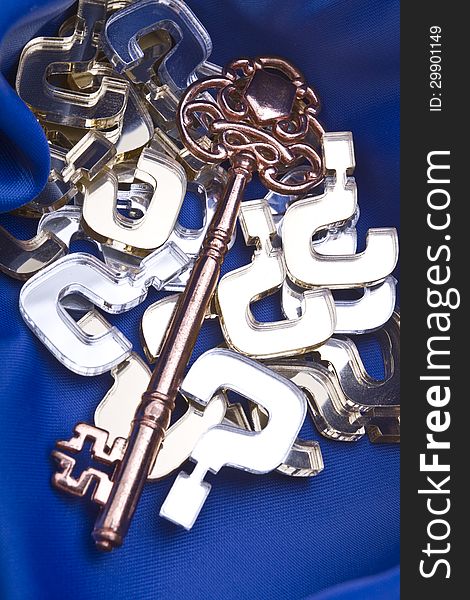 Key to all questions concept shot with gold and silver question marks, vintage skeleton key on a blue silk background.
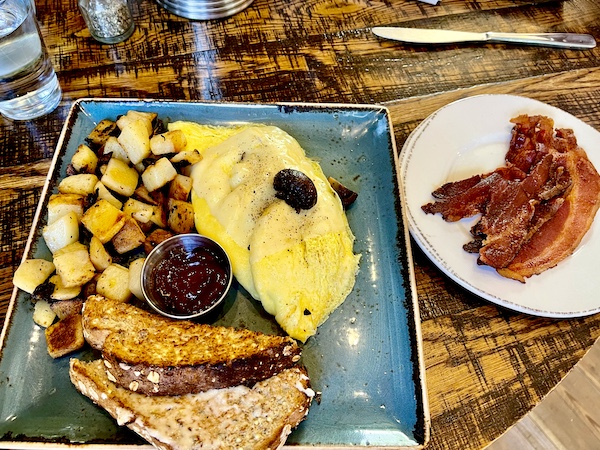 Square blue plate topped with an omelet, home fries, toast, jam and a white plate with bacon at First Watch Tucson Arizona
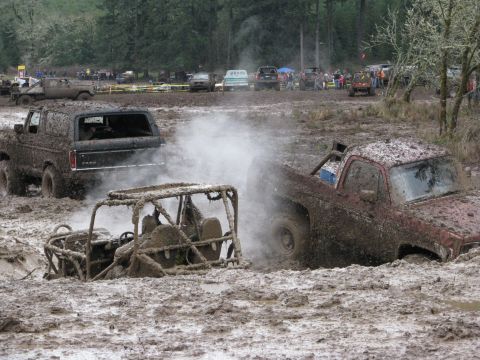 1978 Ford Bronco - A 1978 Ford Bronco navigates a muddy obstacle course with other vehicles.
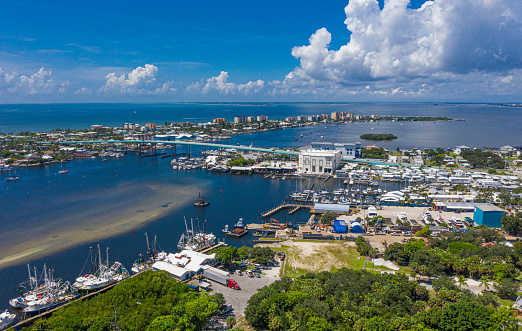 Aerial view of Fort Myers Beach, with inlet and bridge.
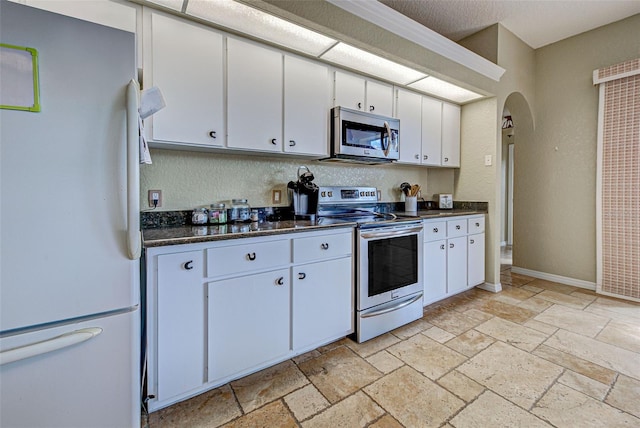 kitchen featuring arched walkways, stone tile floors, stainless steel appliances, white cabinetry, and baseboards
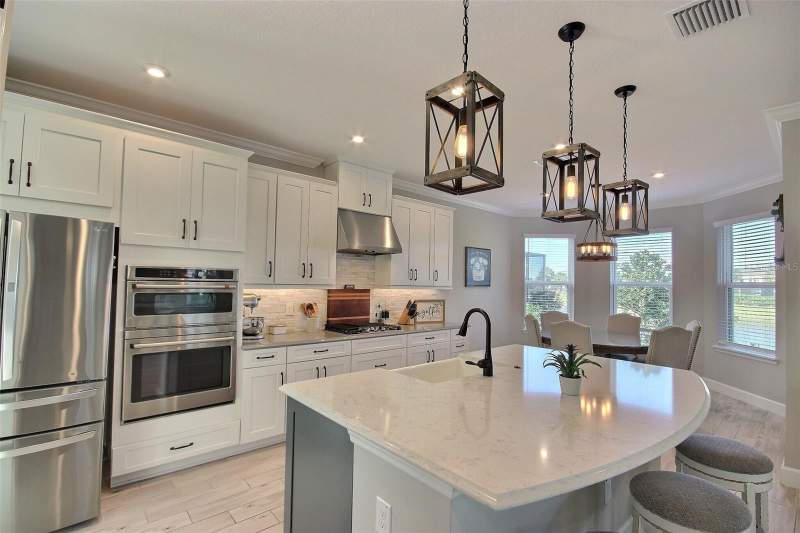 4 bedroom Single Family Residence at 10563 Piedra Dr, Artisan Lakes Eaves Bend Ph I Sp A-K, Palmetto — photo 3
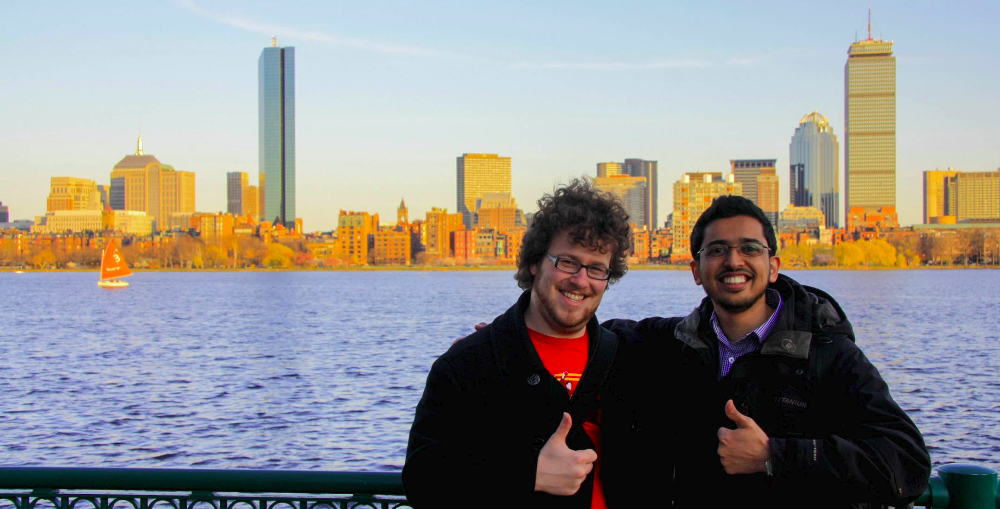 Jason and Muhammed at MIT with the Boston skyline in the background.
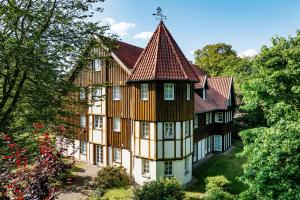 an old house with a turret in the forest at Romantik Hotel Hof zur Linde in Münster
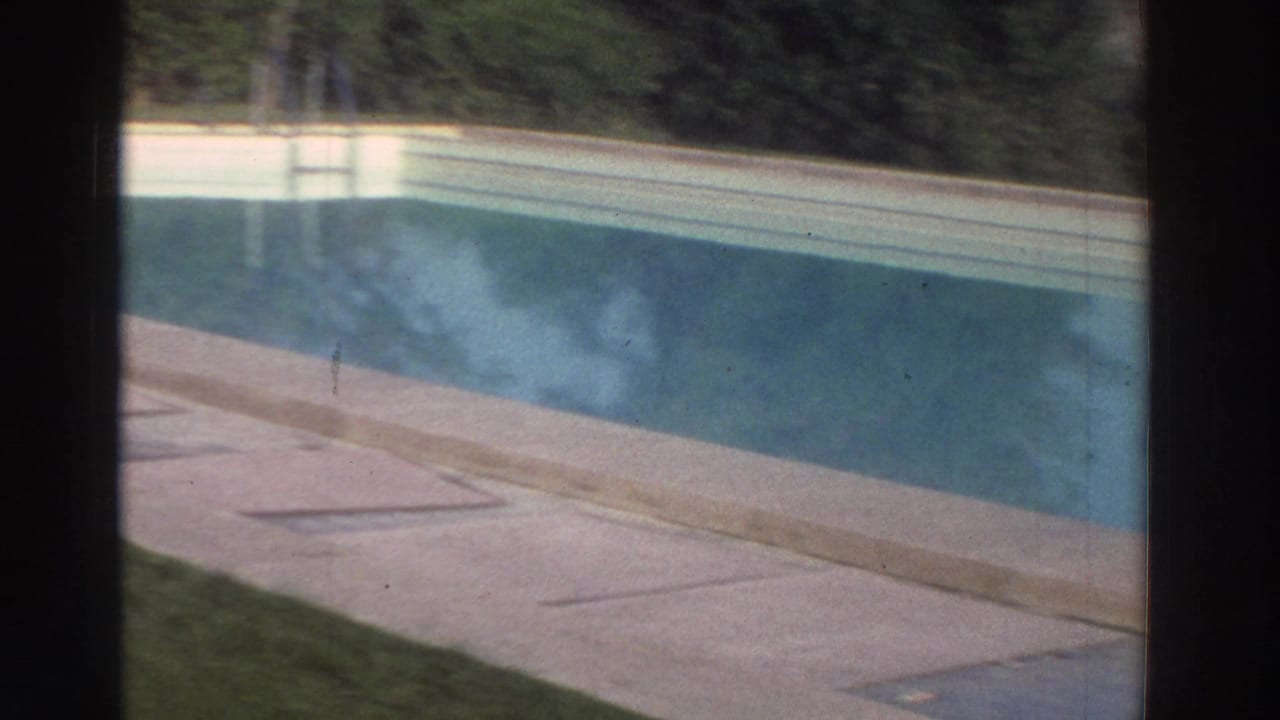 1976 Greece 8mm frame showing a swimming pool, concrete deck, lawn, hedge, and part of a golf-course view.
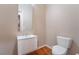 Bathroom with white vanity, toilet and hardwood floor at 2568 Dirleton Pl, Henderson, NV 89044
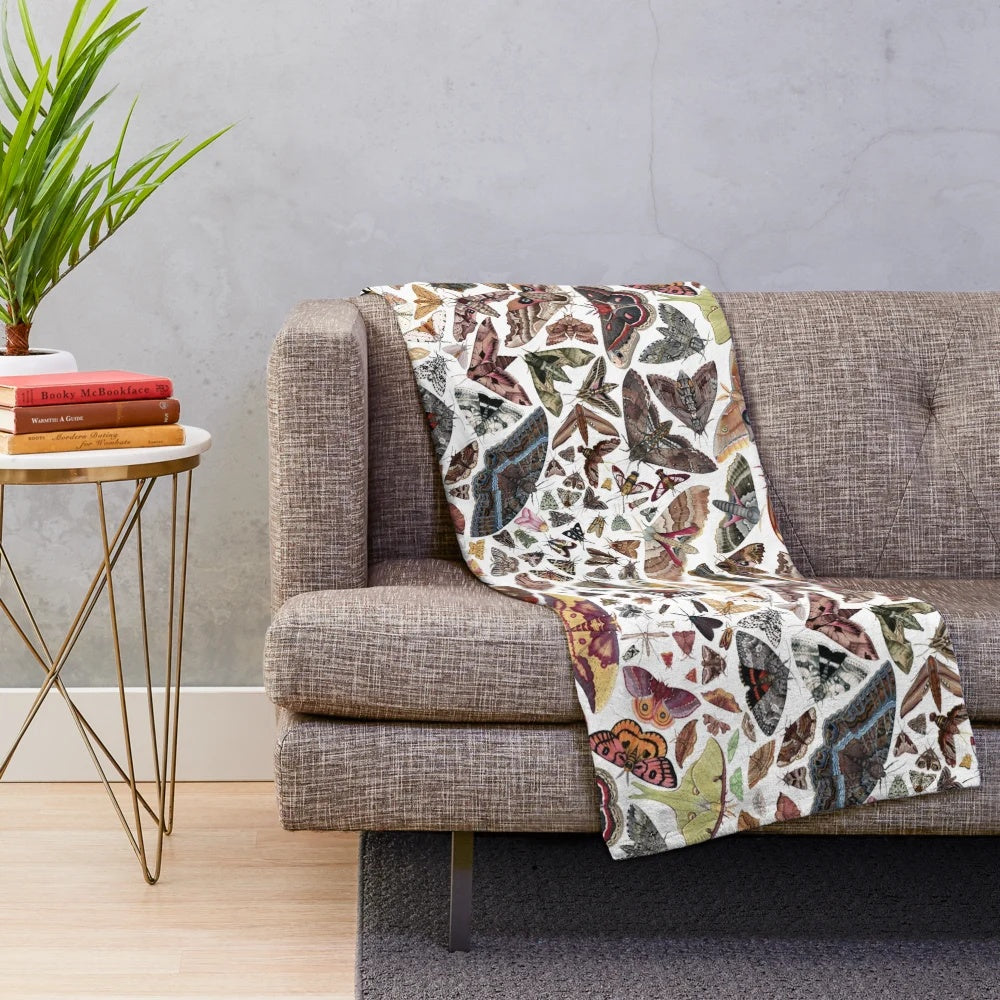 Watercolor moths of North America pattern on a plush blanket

• Task to complete
Repeat every record exactly, but not the pictures.

• Answer to the problem
 Key to all questions concept shot with gold and silver question marks, vintage skeleton key on a blue silk background.
 Square blue plate topped with an omelet, home fries, toast, jam and a white plate with bacon at First Watch Tucson Arizona
 1978 Ford Bronco - A 1978 Ford Bronco navigates a muddy obstacle course with other vehicles.
 Aerial view of Fort Myers Beach, with inlet and bridge.
 kitchen featuring arched walkways, stone tile floors, stainless steel appliances, white cabinetry, and baseboards
 4 bedroom Single Family Residence at 10563 Piedra Dr, Artisan Lakes Eaves Bend Ph I Sp A-K, Palmetto — photo 3
 Jason and Muhammed at MIT with the Boston skyline in the background.
 an old house with a turret in the forest at Romantik Hotel Hof zur Linde in Münster
 1976 Greece 8mm frame showing a swimming pool, concrete deck, lawn, hedge, and part of a golf-course view.
 Bathroom with white vanity, toilet and hardwood floor at 2568 Dirleton Pl, Henderson, NV 89044
 Watercolor moths of North America pattern on a plush blanket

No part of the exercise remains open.